Finding the Second Date with Tableau Prep
A common need in analytics is to determine the date a second event happens, such as when a customer made a second purchase—thereby becoming a repeat customer—or when a driver gets a second traffic violation. Finding the date of a first event is easy, it's simply the minimum date. Finding the second date is trickier.
In this two-part tutorial, we'll shape traffic infraction data and answer the following questions:
-
What was the length of time in days between the first and second infraction for each driver?
-
Compare the fine amounts for the first and second infractions. Are they correlated?
-
Which driver paid the most overall? Who paid the least?
-
How many drivers had multiple infraction types?
-
What was the average fine amount for drivers who never attended traffic school?
In the first stage, we'll use Tableau Prep Builder to restructure the data for our analysis. In the second stage, Analysis with the Second Date in Tableau Desktop, we'll move on to analysis in Tableau Desktop.
The goal of this tutorial is to present various concepts in the context of a real-life scenario and work through options—not prescriptively establishing which is best. At the end, you should have a better sense of how data structure impacts calculations and analysis, as well as greater familiarity with various aspects of Tableau Prep and calculations in Tableau Desktop.
Note: To complete the tasks in this tutorial, you need Tableau Prep Builder (installed or via the browser) and the data downloaded. For the second portion, you'll also need Tableau Desktop installed.
The data set is Traffic Violations.xlsx. It is recommended to save it in your My Tableau Prep Repository > Datasources folder.
To install Tableau Prep Builder and Tableau Desktop before continuing with this tutorial, see the Tableau Desktop and Tableau Prep Deployment guide(Link opens in a new window). Otherwise you can download the Tableau Prep(Link opens in a new window) and Tableau Desktop(Link opens in a new window) free trials.
The Data
For this example, we're looking at traffic infraction data. Each infraction is a row. The driver, date, type of infraction, if the driver was required to attend traffic school, and fine amount are recorded.
Desired Data Structure
The data is currently structured such that each infraction is a row. A driver with multiple infractions appears on multiple rows, and there's no easy way to tell which was their first or second infraction.
To investigate our repeat offenders, we want a data set that separates out the first and second infraction dates, and the information associated with each of those infractions, and each row is a driver.
Restructuring the Data
So how do we get there with Tableau Prep? We'll build out the flow in stages, beginning with pulling out the first infraction date, then the second, then shaping the final data set as desired. Make sure you've downloaded the Excel file (Traffic Violations.xlsx) to follow along.
Initial Aggregation for 1st Infraction Date
First, we'll connect to the Traffic Violations.xlsx file.
-
Open Tableau Prep Builder.
-
From the start screen, click Connect to Data.
-
In the Connections pane, click Microsoft Excel. Navigate to where you saved Traffic Violations.xlsx and click Open.
-
The Infractions sheet should automatically be brought out to the Flow Pane.

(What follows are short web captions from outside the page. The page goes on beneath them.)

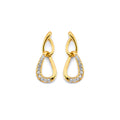 14K Yellow Gold Post Earring with Push Back - ER2115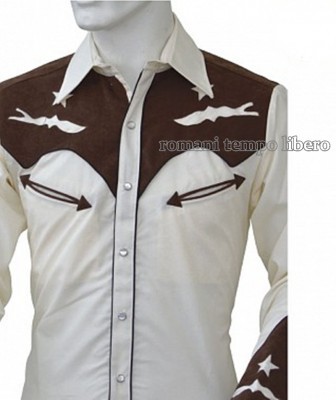 Camicia Western ricami fantasia -Selleria Romani tempo libero - Selleriainternet.it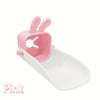 Pink rabbit-themed anti-splash faucet extender for kids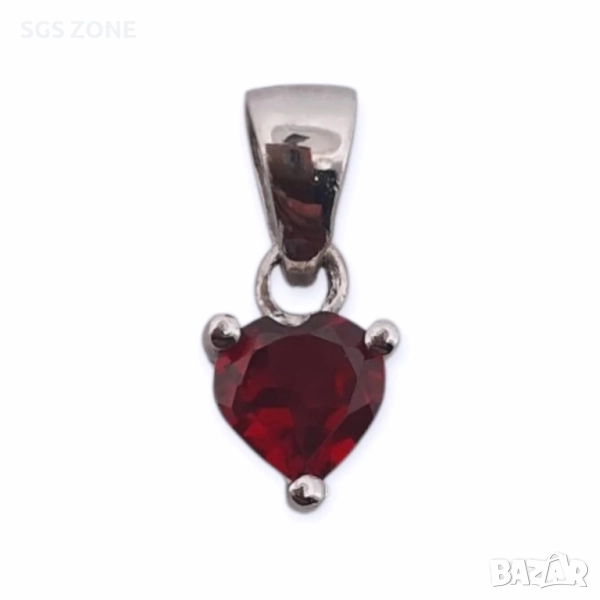 Сребърни висулки с топаз, гранат, аметист, перидот, цитрин и други естествени камъни, снимка 1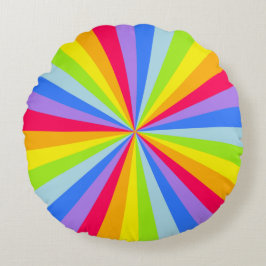 Ljusstrålande rundade kuddar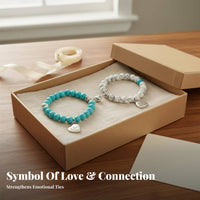 2 Pieces Attractive Couple Bracelet Set Romantic Gift Heart Attraction Bracelet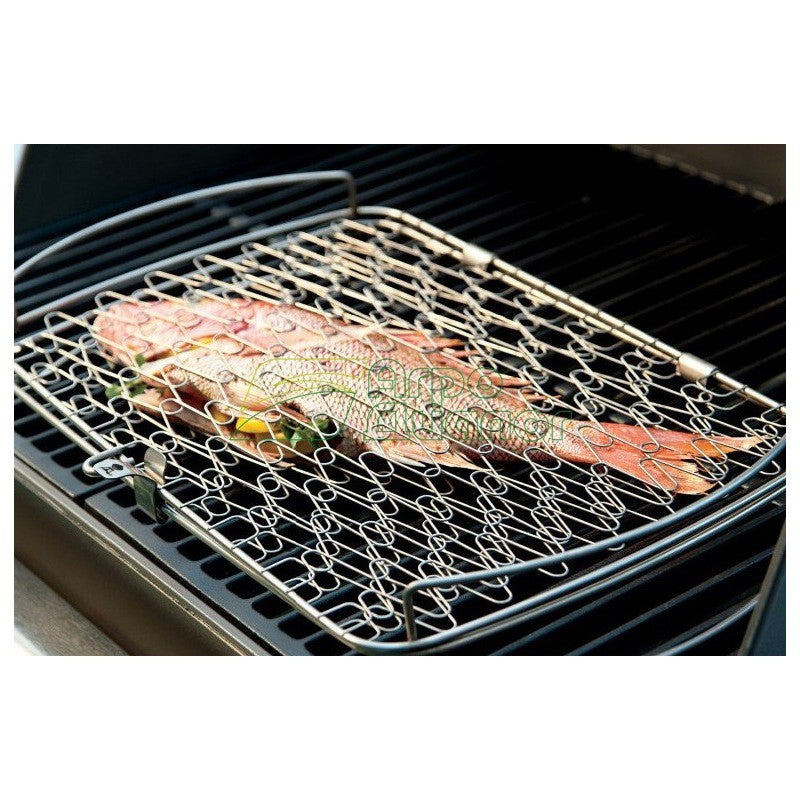 FISH BASKET - LARGE MODEL, STAINLESS STEEL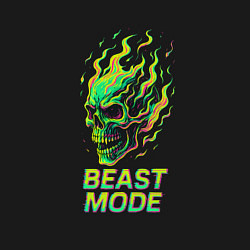 Свитшот хлопковый мужской Режим зверя, цвет: черный — фото 2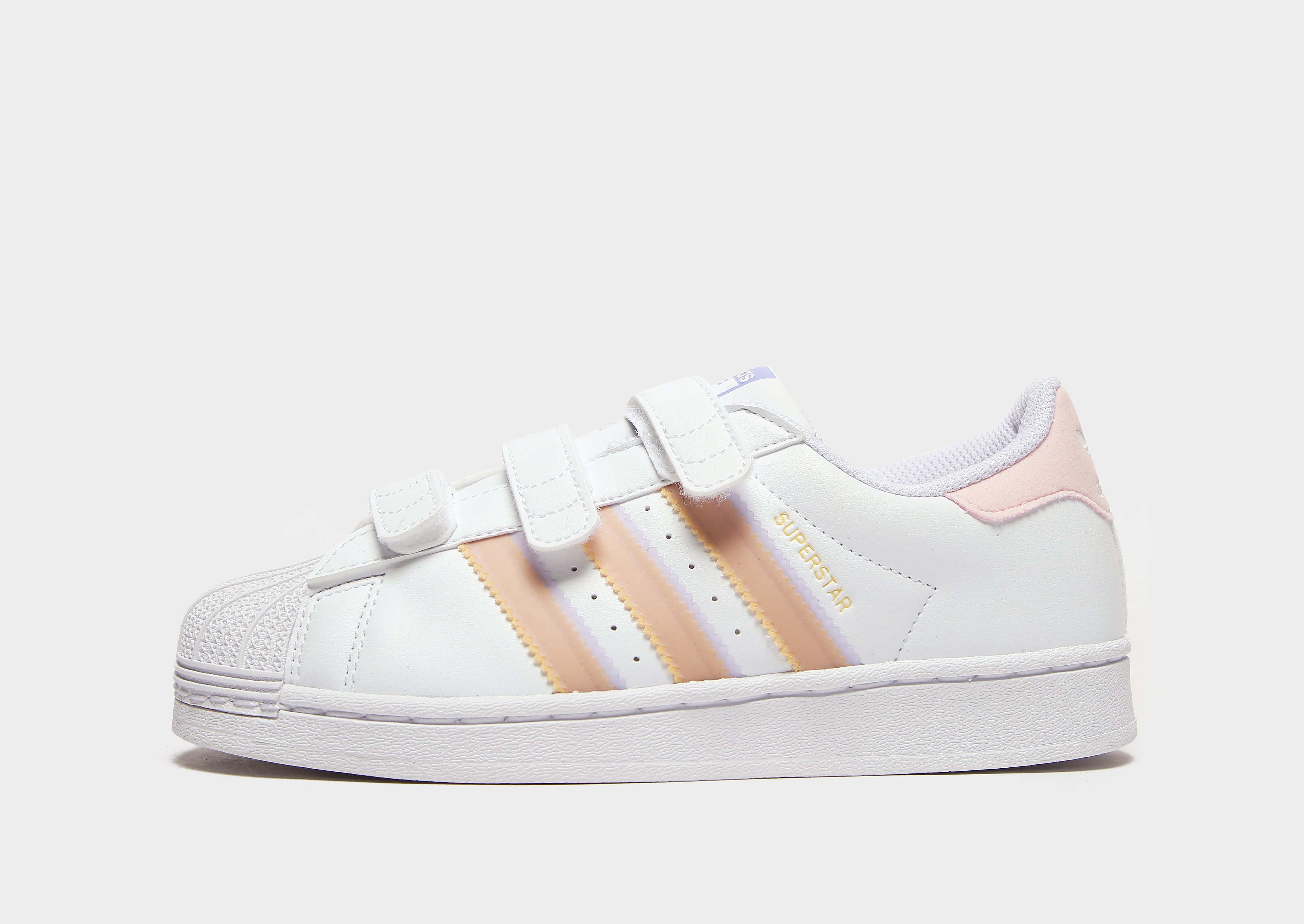 

adidas Originals Superstar Children - Cloud White / Pulse Amber / Semi Mint Rush - Kids, Cloud White / Pulse Amber / Semi Mint Rush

For more information about connecting to data, see Connect to Data.
Next, we need to identify the first infraction date per driver. We'll use an Aggregate step to do this, creating a mini data set of Driver ID and Minimum Infraction Date.
When using an Aggregate step in Tableau Prep, any field that should define what makes a row is a Grouped Field. (For us, that's Driver ID.) Any field that will be aggregated and presented at the level of the grouped fields is an Aggregated Field. (For us, that's Infraction Date).
-
In the Flow pane, select Infractions, click the plus icon, and select Aggregate.
-
Drag Driver ID to the Grouped Fields drop area.
-
Drag Infraction Date to the Aggregated Fields area. The default aggregation is CNT (count). Click CNT and change the aggregation to Minimum.
This identifies the smallest (earliest) date, which is the first infraction date per driver.
For more information about aggregations, see Clean and Shape Data.
-
In the Flow pane, select Aggregate 1, click the plus icon, and select Clean Step so we can clean up the output of the aggregation.
-
In the Profile pane, double-click on the field name Infraction Date and change it to 1st Infraction Date.
At this stage, the flow and profile pane should look like this:
From the Profile pane in this Clean step, we can see that our data now consists of 39 rows and only 2 fields. Any field not used for grouping or aggregation is lost. But we want to be able to keep some of the original information. We could either add those fields to the grouping or aggregation (but doing so would change the level of detail or require the fields to be aggregated), or join this mini data set back to the original (essentially adding a new column to the original data for 1st Infraction Date). Let's do the join.
-
In the Flow pane, select Infractions, click the plus icon, and select Clean Step.
Make sure you hover over the Infractions step directly, not the line between it and the Aggregation step. If the new Clean step is inserted between the two rather than branching, use the Undo arrow in the tool bar and try again. The menu should say Add not Insert.
This branches your flow with all the original data. We'll join the results of the aggregation to this copy of the full data. By joining on Driver ID, we're adding the minimum date from our aggregation into the original data.
-
Select step Clean 2 and drag it on top of step Clean 1, and drop it on Join.
-
The default join configuration should be correct: an inner join on Driver ID = Driver ID.
For more information about joins, see Join your data.
Because some fields may be duplicated during a join—such as the fields in the join clause—it's often a good idea to clean up extraneous fields after performing a join.
-
In the Flow pane, select Join 1, click the plus icon, and select Clean Step.
-
In the Profile pane, right-click or Ctrl -click (MacOS) the card for Driver ID-1, and select Remove .
-
To change the field order, drag the 1st Infraction Date card between Driver ID and Infraction Date where you see the black line appear.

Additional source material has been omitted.